> **EXERCISE DIRECTIONS**
Where the listing below reaches the line containing "Milkhouse Candle Company", start writing out lines exactly, and stop once the line containing "Cama infantil IKEA KRITTER ovejas" has been written.

> **DATA FOR REVIEW**
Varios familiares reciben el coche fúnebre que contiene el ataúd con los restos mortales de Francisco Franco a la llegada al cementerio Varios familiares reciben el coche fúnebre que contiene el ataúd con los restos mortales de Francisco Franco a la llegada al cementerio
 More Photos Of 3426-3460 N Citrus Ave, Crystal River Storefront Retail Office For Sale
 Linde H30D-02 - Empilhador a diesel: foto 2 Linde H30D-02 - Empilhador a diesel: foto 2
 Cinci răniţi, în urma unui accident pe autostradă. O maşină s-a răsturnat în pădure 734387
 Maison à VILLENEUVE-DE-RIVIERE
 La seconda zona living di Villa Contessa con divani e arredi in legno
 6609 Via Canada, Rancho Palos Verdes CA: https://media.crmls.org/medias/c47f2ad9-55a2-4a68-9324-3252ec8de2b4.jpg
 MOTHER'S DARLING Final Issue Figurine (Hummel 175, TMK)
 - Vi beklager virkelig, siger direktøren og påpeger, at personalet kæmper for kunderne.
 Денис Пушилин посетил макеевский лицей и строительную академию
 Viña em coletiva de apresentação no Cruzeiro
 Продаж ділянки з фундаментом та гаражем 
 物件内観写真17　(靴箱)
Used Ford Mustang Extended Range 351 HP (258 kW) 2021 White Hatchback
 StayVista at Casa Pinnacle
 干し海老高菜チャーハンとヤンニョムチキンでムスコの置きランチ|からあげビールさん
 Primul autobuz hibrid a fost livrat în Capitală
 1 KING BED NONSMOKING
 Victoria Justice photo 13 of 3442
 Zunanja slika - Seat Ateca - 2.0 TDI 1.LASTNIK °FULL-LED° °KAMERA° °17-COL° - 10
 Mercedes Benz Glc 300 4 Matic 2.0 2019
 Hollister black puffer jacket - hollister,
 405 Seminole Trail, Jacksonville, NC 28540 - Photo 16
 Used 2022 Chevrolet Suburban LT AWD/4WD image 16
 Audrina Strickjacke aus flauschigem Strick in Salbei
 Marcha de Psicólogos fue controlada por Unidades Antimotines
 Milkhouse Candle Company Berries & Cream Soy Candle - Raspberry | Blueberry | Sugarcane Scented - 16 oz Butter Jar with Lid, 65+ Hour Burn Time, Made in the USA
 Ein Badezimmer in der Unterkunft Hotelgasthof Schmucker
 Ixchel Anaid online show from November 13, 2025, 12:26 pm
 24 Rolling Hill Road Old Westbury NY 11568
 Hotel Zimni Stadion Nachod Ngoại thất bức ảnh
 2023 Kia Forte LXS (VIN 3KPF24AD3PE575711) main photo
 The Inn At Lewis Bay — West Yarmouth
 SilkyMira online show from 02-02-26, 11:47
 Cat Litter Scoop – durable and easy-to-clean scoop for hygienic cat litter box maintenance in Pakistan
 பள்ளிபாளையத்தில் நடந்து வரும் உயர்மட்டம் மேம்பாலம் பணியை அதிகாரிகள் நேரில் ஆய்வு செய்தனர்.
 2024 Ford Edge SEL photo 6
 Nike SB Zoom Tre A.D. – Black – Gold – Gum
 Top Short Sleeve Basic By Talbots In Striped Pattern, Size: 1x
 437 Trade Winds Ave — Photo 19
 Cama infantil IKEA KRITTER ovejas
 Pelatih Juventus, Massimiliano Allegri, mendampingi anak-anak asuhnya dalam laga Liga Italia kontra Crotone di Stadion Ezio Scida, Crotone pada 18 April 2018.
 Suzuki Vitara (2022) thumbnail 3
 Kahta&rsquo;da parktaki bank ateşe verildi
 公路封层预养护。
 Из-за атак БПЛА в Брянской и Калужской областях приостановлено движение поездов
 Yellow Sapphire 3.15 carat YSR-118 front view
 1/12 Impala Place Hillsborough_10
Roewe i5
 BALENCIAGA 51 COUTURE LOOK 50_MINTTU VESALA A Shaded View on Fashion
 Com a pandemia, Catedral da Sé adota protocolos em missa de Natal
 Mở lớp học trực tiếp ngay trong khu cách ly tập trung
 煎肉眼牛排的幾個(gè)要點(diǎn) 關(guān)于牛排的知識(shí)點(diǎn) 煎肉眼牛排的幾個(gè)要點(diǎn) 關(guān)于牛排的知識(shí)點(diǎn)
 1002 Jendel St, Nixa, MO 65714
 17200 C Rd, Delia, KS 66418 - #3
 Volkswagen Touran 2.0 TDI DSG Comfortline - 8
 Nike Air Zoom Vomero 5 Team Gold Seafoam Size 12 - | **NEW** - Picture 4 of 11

> **OUTPUT FOR THIS EXERCISE**
 Milkhouse Candle Company Berries & Cream Soy Candle - Raspberry | Blueberry | Sugarcane Scented - 16 oz Butter Jar with Lid, 65+ Hour Burn Time, Made in the USA
 Ein Badezimmer in der Unterkunft Hotelgasthof Schmucker
 Ixchel Anaid online show from November 13, 2025, 12:26 pm
 24 Rolling Hill Road Old Westbury NY 11568
 Hotel Zimni Stadion Nachod Ngoại thất bức ảnh
 2023 Kia Forte LXS (VIN 3KPF24AD3PE575711) main photo
 The Inn At Lewis Bay — West Yarmouth
 SilkyMira online show from 02-02-26, 11:47
 Cat Litter Scoop – durable and easy-to-clean scoop for hygienic cat litter box maintenance in Pakistan
 பள்ளிபாளையத்தில் நடந்து வரும் உயர்மட்டம் மேம்பாலம் பணியை அதிகாரிகள் நேரில் ஆய்வு செய்தனர்.
 2024 Ford Edge SEL photo 6
 Nike SB Zoom Tre A.D. – Black – Gold – Gum
 Top Short Sleeve Basic By Talbots In Striped Pattern, Size: 1x
 437 Trade Winds Ave — Photo 19
 Cama infantil IKEA KRITTER ovejas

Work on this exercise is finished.